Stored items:

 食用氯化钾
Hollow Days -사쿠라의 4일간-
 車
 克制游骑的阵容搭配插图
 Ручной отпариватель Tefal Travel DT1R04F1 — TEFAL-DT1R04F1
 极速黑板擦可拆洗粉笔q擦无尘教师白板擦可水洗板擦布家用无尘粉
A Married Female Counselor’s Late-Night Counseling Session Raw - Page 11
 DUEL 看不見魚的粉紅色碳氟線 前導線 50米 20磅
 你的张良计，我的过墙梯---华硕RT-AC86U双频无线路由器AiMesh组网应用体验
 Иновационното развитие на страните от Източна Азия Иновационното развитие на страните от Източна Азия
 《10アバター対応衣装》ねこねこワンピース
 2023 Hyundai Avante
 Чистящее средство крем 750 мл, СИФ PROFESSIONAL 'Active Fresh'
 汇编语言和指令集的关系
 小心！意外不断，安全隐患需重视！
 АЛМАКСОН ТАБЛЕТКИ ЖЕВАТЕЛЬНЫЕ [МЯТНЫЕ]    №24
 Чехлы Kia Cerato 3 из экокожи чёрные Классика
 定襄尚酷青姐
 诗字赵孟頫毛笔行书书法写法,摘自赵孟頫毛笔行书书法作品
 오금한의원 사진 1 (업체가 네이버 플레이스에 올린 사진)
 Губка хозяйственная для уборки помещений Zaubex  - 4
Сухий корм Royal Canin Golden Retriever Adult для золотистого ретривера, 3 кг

**EXERCISE INSTRUCTIONS**
Reproduce every record above, word for word.

**THE ANSWER**
 食用氯化钾
Hollow Days -사쿠라의 4일간-
 車
 克制游骑的阵容搭配插图
 Ручной отпариватель Tefal Travel DT1R04F1 — TEFAL-DT1R04F1
 极速黑板擦可拆洗粉笔q擦无尘教师白板擦可水洗板擦布家用无尘粉
A Married Female Counselor’s Late-Night Counseling Session Raw - Page 11
 DUEL 看不見魚的粉紅色碳氟線 前導線 50米 20磅
 你的张良计，我的过墙梯---华硕RT-AC86U双频无线路由器AiMesh组网应用体验
 Иновационното развитие на страните от Източна Азия Иновационното развитие на страните от Източна Азия
 《10アバター対応衣装》ねこねこワンピース
 2023 Hyundai Avante
 Чистящее средство крем 750 мл, СИФ PROFESSIONAL 'Active Fresh'
 汇编语言和指令集的关系
 小心！意外不断，安全隐患需重视！
 АЛМАКСОН ТАБЛЕТКИ ЖЕВАТЕЛЬНЫЕ [МЯТНЫЕ]    №24
 Чехлы Kia Cerato 3 из экокожи чёрные Классика
 定襄尚酷青姐
 诗字赵孟頫毛笔行书书法写法,摘自赵孟頫毛笔行书书法作品
 오금한의원 사진 1 (업체가 네이버 플레이스에 올린 사진)
 Губка хозяйственная для уборки помещений Zaubex  - 4
Сухий корм Royal Canin Golden Retriever Adult для золотистого ретривера, 3 кг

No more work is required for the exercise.